On Gold Cup day, the chance to reflect on the three previous brilliant days of racing ahead of the showpiece event makes you appreciate that Cheltenham is the best time of the year. The Festival is more than just four days, with the excitement and talking never ceasing, even after the final race.
Friday is sure to throw up more enthralling action with the Gold Cup headlining day four as The Jukebox Man, Gaelic Warrior and Jango Baie all lead a market that is impossible to call, just like their incredible finish in the King George VI Chase on Boxing Day that has its eagerly awaited rematch on the grandest stage.
Even without superstar and Cheltenham legends Constitution Hill, Galopin Des Champs, Fact To File, Stateman, Marine Nationale and Sir Gino, the level of quality across the four days of racing has been exceptional.
History, tradition, respect
From the first Festival in 1860, there are very few meetings or tournaments that can boast the same level of history as Cheltenham.
The tradition that has formed over the years from dress codes to Ladies Day, the different generations who attend and those who have become engrossed with the cultural and social enormity of the Festival.
Written in the script are some of the most emotional moments in sport, from Sean Flanagan winning the Champion Chase on Marine Nationale just months after Michael O’Sullivan, who rode the horse to victory in the Supreme Novices’ Hurdle two years prior, tragically died after a fall at Thurles last year. To Annie Power’s redemption, Honeysuckle and Rachel Blackmore’s fairytale ending, Sprinter Sacre’s comeback and Best Mate’s Gold Cup hat-trick.
These heroes of yesterday still continue to be treated as the legends they are with Festival icons being paraded around in front of the crowd to give those horses that incredible feeling back and show just how special winners around that famous course are.
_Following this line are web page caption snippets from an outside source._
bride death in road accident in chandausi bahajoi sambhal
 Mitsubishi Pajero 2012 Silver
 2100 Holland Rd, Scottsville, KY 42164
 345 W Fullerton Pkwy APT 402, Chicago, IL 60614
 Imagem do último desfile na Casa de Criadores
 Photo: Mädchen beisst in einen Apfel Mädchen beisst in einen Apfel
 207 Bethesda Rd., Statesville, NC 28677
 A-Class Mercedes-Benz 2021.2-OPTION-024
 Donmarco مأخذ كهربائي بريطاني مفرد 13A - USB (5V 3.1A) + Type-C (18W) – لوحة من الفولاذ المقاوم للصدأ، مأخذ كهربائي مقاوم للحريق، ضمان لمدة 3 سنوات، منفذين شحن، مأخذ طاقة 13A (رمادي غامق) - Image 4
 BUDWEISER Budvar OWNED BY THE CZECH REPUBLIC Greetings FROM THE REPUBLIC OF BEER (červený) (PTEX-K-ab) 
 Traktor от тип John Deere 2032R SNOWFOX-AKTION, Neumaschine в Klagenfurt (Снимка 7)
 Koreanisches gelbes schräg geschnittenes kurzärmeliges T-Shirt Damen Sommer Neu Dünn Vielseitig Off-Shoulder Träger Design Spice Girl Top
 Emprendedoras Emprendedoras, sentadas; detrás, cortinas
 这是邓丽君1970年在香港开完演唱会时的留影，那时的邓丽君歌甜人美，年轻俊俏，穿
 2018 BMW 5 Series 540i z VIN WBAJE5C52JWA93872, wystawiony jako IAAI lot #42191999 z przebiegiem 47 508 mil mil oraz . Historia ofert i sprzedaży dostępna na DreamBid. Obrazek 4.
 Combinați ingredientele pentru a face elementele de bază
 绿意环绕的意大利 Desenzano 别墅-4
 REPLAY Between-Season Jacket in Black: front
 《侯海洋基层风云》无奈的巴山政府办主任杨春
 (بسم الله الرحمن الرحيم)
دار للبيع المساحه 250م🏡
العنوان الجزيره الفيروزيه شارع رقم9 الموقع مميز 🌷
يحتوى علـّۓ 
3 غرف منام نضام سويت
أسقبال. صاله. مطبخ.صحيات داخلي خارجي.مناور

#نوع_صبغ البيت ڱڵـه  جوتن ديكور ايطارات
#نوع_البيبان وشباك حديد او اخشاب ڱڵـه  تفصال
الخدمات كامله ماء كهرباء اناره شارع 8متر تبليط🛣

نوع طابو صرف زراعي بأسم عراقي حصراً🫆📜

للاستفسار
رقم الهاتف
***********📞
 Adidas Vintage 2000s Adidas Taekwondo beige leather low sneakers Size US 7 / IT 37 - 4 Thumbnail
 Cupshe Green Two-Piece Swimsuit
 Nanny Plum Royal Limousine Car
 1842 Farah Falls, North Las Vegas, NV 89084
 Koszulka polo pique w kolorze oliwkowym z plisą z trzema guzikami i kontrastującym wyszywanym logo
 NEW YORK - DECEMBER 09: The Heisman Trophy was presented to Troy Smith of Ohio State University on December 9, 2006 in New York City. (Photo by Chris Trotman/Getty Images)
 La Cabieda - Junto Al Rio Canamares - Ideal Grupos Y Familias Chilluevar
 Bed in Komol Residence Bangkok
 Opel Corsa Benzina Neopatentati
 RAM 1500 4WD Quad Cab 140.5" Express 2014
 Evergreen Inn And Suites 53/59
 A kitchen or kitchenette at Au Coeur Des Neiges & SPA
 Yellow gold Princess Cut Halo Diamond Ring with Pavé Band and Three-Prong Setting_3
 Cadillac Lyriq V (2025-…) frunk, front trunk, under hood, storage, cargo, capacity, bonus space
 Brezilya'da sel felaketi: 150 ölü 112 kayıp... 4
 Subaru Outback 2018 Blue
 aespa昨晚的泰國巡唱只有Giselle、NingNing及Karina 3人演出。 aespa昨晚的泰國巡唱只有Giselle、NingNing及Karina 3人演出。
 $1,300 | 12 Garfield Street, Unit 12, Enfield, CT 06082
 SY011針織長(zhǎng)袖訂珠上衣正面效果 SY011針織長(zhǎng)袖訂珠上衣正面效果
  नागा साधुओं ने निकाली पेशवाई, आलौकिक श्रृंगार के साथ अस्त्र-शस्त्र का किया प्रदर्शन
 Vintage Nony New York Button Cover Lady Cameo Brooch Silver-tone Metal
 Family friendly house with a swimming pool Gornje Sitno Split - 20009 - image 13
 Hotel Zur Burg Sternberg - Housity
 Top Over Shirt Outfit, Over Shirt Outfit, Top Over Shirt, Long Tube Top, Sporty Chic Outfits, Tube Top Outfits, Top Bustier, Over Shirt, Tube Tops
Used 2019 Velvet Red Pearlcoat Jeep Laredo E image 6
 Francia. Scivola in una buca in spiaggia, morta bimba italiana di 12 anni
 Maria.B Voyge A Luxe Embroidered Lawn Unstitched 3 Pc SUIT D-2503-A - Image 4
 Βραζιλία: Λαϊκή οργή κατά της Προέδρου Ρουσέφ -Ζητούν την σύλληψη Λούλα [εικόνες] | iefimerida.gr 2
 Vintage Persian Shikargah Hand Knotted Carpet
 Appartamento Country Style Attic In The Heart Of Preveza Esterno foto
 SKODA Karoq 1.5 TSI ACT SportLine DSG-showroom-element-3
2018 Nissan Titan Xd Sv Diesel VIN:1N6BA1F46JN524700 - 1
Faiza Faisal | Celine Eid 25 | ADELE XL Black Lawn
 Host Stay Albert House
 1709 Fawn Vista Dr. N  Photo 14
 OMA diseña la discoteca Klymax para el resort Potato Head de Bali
The relationship between man and beast is impossible to recreate.
The craic
Whether you attend Cheltenham, head off abroad to soak up the Benidorm atmosphere, go down the pub or simply reconnect with mates during the build-up and race week, Cheltenham is a sense of belonging.
The feeling of the punters taking on and bashing the bookies while dreaming of landing a life-changing bet is something that leaves everyone excited for the Festival.
And the drama never ends before, during, and after those four fabled days as the talk already turns to who will return to cement or write their Festival legacies the following year.